Flux can import archive files containing documents and their associated metadata. This includes archives written via the export-archive-files
command as well as archives written by MarkLogic Content Pump, which are hereafter referred to as “MLCP archives”.
Table of contents
- Usage
- Importing MLCP archives
- Restricting metadata
- Specifying an encoding
- Importing large binary files in archives
- Common errors
Usage
The import-archive-files
command will import the documents and metadata files in a ZIP file produced by the export-archive-files
command. You must specify at least one --path
option along with connection information for the MarkLogic database you wish to write to:
-
./bin/flux import-archive-files \ --path /path/to/files \ --connection-string "flux-example-user:password@localhost:8004" \ --permissions flux-example-role,read,flux-example-role,update
-
bin\flux import-archive-files ^ --path path\to\files ^ --connection-string "flux-example-user:password@localhost:8004" ^ --permissions flux-example-role,read,flux-example-role,update
Importing MLCP archives
You can also import MLCP archives that were produced via the EXPORT
command in MLCP. The import-mlcp-archive-files
command is used instead, and it also requires at least one --path
option along with connection information for the MarkLogic database you wish to write to:
-
./bin/flux import-mlcp-archive-files \ --path /path/to/files \ --connection-string "flux-example-user:password@localhost:8004" \ --permissions flux-example-role,read,flux-example-role,update
-
bin\flux import-mlcp-archive-files ^ --path /path/to/files ^ --connection-string "flux-example-user:password@localhost:8004" ^ --permissions flux-example-role,read,flux-example-role,update
Restricting metadata
By default, all metadata associated with a document in an archive will be included when the document is written to MarkLogic. This is true for both the import-archive-files
command and the import-mlcp-archive-files
command. This is typically desirable so that metadata like collections and permissions in the archive can be applied to the imported documents.

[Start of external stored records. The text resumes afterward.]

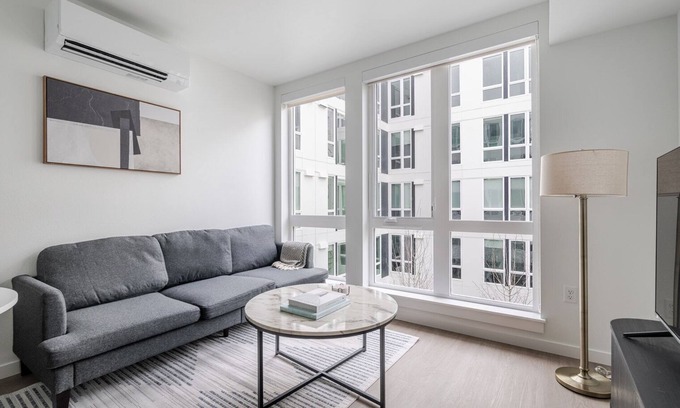 Redmond Apartment | Blueground | Redmond, pool & AC, nr park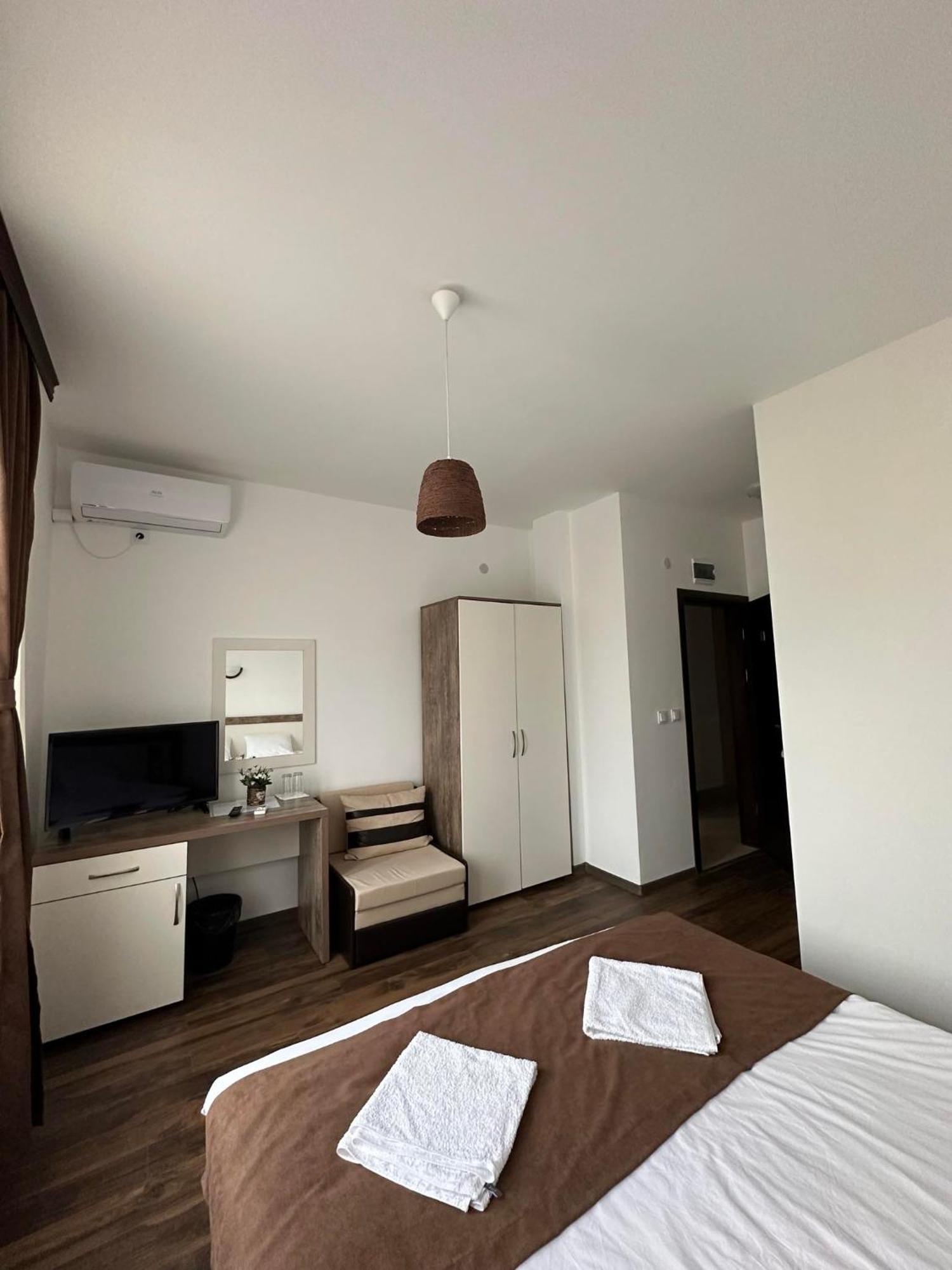 Бялата Къща Hotel Chakalarovo Eksteriør billede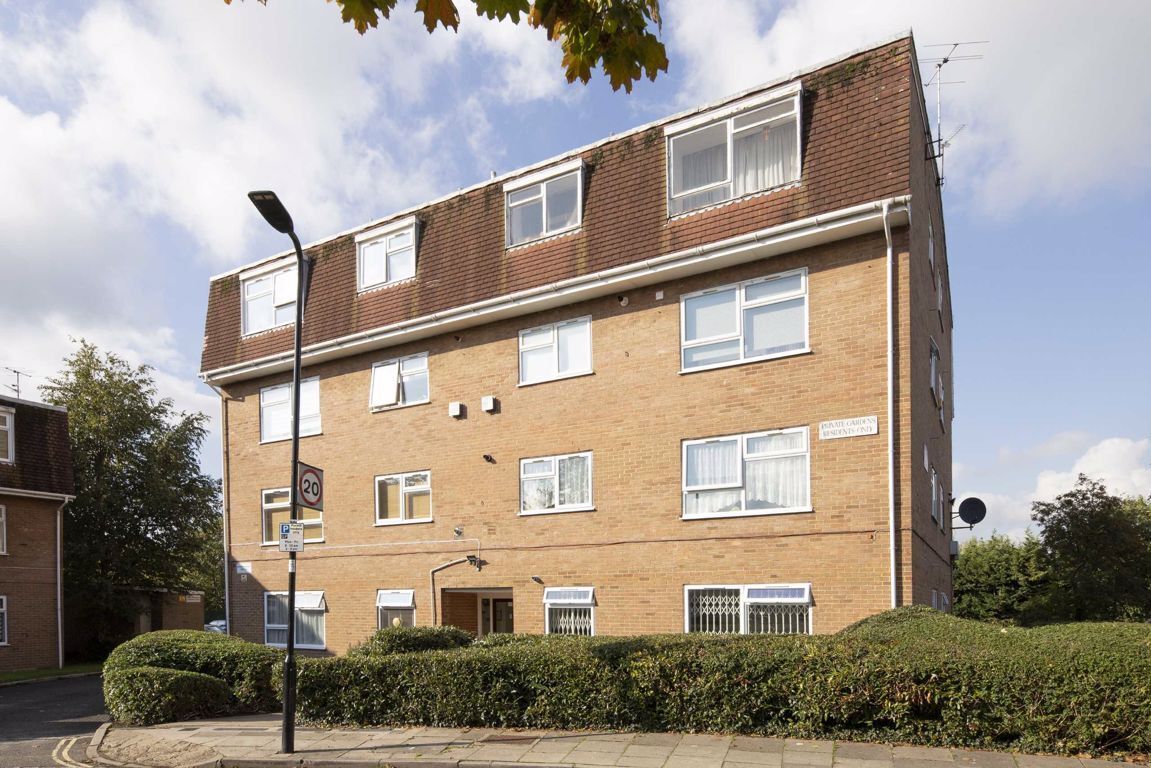Robertson Smith & Kempson 2 bedroom property for sale in Rowan Close, Ealing £375,000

You can instead restrict which types of metadata are included via the --categories
option. This option accepts a comma-delimited sequence of the following metadata types:
collections
permissions
quality
properties
metadatavalues
For example, the following option will only include the collections and properties found in each metadata entry in an archive ZIP file or MLCP archive ZIP file:
--categories collections,properties
Specifying an encoding
MarkLogic stores all content in the UTF-8 encoding. If your archive files use a different encoding, you must specify that via the --encoding
option so that the content can be correctly translated to UTF-8 when written to MarkLogic - e.g.:
-
./bin/flux import-archive-files \ --path source \ --encoding ISO-8859-1 \ --connection-string "flux-example-user:password@localhost:8004" \ --permissions flux-example-role,read,flux-example-role,update
-
bin\flux import-archive-files ^ --path source ^ --encoding ISO-8859-1 ^ --connection-string "flux-example-user:password@localhost:8004" ^ --permissions flux-example-role,read,flux-example-role,update
Importing large binary files in archives
When exporting archives, you can use the --streaming
option introduced in Flux 1.1.0 to ensure that large binary documents in MarkLogic can be streamed to an archive file. When importing archives with large binary files, you should likewise use the --streaming
option to ensure that each large binary can be read into MarkLogic without exhausting the memory available to Flux or MarkLogic.
As streaming each entry requires Flux to only send one document at a time to MarkLogic, you should not use this option when importing smaller files that easily fit into the memory available to Flux.
When using --streaming
, the following options will have no effect due to Flux not reading the file contents into memory and always sending one file per request to MarkLogic:
--batch-size
--encoding
--failed-documents-path
--uri-template
You typically will also not want to use the --transform
option as applying a REST transform in MarkLogic to a very large binary document may exhaust the amount of memory available to MarkLogic.
In addition, when streaming documents to MarkLogic, URIs will be encoded. For example, an entry named /my file.json
will result in a URI of /my%20file.json
. This is due to an issue in the MarkLogic REST API endpoint that will be resolved in a future server release.
Common errors
If you use Flux 1.0.x to import an archive created by Flux 1.1.x or higher, you may receive an error containing the following message:
com.marklogic.spark: Could not find metadata entry for entry
To solve this, you should use Flux 1.1.0 or higher to import the archive. Flux 1.1.0 and higher can also import archives created by Flux 1.0.x.